1) The authors go through the work of doing several simpler analyses which are
obviated by the final multiple regression. The analyses (in Wilkinson
notation) _P &L_[0] _~ HBD_ [1] and _HBD ~ covariates_ only provide a subset
of the information in the final _P &L ~ HBD + covariates_. The paper would
improve if the preliminary analyses were replaced by a more thorough treatment
of the multiple regression.

2) From what I gather, the maximal model containing HBD and the covariates was
fit and then variables were subtracted successively based on whether doing so
reduced the AIC. This does not seem like the right choice at all, and could
possibly have influenced the final result. Selecting an optimal model is _not_
the goal here, yet that is what this process is designed to do.
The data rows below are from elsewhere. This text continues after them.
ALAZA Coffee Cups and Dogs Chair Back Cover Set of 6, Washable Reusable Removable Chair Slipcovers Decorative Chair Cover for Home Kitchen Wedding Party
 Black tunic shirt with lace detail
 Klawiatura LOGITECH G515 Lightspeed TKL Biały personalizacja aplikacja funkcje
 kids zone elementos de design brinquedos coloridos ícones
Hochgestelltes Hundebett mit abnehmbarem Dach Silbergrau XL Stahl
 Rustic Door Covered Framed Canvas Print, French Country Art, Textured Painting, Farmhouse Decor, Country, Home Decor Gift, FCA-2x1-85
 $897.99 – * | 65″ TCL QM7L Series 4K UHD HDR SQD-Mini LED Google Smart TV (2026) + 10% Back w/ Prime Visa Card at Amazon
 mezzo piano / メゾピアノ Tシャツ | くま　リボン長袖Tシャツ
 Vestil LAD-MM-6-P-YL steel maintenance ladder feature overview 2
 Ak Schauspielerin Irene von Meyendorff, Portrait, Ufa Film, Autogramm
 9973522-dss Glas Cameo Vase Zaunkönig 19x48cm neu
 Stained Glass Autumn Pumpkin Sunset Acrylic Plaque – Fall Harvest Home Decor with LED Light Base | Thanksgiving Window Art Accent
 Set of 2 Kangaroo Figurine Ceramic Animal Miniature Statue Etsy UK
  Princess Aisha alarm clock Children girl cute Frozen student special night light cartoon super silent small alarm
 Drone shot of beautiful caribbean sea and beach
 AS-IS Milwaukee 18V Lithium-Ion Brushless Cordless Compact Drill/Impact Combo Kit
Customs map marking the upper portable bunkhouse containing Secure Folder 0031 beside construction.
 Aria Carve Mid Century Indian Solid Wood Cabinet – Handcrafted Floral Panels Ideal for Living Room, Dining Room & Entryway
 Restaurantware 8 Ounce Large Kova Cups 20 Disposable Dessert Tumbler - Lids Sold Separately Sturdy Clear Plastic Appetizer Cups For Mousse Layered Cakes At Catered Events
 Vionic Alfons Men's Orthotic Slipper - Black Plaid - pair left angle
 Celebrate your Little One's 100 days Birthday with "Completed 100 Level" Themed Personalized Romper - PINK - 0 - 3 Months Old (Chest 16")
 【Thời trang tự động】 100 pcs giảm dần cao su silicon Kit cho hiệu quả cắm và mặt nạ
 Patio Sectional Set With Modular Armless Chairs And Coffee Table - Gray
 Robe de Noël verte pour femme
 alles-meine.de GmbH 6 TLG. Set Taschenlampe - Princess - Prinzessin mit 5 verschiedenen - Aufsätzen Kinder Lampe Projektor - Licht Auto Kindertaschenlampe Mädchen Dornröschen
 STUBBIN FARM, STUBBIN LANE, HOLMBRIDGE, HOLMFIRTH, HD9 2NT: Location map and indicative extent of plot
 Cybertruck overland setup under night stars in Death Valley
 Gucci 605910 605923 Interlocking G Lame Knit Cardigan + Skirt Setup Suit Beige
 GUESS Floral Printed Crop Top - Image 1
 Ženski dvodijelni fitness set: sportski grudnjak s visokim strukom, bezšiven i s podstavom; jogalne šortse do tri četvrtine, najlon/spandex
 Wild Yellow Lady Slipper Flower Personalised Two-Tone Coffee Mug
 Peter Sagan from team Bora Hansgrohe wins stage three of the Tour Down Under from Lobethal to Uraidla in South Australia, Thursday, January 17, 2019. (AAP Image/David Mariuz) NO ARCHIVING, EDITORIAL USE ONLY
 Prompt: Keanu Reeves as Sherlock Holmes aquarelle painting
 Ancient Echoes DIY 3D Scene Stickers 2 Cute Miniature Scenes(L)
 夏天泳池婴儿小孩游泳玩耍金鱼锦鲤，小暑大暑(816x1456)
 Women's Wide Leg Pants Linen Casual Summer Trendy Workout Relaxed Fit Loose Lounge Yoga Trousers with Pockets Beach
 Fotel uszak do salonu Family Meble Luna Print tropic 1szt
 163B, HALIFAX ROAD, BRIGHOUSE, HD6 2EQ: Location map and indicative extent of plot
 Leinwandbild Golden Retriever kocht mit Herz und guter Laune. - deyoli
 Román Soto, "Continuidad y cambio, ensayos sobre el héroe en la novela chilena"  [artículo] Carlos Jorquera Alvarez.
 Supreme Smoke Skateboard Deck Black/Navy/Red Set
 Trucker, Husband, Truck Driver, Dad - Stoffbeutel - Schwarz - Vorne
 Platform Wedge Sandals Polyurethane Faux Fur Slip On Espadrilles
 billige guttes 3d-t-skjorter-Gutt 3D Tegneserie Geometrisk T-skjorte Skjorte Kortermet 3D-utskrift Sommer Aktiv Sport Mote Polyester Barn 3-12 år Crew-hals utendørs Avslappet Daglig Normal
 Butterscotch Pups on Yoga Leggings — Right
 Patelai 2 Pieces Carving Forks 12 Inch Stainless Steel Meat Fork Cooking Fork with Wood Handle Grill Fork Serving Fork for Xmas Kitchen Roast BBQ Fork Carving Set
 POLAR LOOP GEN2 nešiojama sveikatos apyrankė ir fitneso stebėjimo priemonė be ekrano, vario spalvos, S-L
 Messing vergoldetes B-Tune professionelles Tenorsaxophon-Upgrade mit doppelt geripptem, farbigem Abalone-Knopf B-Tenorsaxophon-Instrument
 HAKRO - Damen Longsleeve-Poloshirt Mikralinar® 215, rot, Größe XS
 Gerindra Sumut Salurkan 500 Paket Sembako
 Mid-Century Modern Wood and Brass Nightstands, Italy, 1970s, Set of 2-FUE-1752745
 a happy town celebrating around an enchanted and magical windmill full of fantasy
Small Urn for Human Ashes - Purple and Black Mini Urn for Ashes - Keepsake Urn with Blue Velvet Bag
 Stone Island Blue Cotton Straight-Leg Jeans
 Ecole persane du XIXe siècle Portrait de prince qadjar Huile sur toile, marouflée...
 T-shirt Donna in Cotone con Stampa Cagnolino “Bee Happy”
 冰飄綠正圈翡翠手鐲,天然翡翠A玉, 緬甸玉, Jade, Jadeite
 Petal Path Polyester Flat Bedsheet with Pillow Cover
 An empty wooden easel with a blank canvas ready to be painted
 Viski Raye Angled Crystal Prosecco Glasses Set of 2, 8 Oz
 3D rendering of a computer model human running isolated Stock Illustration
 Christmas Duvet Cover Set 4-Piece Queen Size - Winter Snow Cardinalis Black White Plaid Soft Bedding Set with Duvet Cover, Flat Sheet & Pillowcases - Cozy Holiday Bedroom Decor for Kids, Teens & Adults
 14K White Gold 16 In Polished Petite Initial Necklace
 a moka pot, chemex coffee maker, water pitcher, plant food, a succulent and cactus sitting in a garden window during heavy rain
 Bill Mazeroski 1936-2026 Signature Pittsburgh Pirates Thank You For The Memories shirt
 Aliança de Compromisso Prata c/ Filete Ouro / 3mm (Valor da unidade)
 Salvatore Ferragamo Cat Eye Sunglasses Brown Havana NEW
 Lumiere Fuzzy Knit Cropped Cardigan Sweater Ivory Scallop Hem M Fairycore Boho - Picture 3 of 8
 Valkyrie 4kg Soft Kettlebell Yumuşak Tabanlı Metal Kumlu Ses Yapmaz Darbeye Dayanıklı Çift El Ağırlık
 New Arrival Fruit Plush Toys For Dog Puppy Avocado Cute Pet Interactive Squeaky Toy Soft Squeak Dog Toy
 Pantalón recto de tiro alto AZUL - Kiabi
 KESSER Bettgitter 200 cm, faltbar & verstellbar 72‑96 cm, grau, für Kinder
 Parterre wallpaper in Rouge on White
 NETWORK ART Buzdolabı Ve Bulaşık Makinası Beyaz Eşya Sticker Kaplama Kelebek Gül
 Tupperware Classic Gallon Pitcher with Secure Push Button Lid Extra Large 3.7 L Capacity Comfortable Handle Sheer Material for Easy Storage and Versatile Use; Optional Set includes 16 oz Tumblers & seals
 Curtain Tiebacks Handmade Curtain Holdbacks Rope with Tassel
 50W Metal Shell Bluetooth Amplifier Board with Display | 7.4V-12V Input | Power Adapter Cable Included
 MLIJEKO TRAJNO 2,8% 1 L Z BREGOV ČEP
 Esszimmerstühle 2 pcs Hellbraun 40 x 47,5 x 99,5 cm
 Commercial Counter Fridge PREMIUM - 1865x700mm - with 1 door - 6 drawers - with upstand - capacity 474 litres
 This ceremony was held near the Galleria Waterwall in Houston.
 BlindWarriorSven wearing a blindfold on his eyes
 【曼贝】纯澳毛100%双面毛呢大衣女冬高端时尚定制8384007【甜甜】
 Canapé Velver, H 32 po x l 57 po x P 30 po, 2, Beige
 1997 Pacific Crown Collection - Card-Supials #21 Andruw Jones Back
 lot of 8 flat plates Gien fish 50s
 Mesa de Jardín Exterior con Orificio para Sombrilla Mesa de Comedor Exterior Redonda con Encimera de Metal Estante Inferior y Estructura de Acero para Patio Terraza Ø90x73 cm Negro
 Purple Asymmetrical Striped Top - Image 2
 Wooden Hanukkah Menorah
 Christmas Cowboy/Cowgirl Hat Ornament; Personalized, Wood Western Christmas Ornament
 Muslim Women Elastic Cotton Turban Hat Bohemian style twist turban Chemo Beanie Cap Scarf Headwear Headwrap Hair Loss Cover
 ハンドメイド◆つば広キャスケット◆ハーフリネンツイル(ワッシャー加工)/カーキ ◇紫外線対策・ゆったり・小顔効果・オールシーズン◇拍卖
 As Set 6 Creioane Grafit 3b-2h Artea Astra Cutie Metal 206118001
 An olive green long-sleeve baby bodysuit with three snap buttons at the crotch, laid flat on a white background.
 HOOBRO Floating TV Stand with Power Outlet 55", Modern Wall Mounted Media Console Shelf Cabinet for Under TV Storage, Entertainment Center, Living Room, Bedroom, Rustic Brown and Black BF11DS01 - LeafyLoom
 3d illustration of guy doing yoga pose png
The research
question is about the influence of HBD on P&L, not predicting P&L from some
optimal combination of variables. So, the theoretically important covariates
should have remained when testing the significance of P&L. The point of the
covariates is to "control" for confounding factors or "stress test" the
importance of HBD in the presence of confounds, not to increase the predictive
power of the model.

3) Trader and session length are actually random variables but their error is
not modeled. Instead, the results from all sessions are averaged for each
trader. Taking the average has the result of undercounting the variance and
misspecifying the variance structure. Something like a multilevel model with
crossed random effects should have been used instead.

[0] "Average daily profit and loss" \- measure of trading performance.

[1] "Heartbeat detection score" \- how well the trader self-assesses their
heartbeat.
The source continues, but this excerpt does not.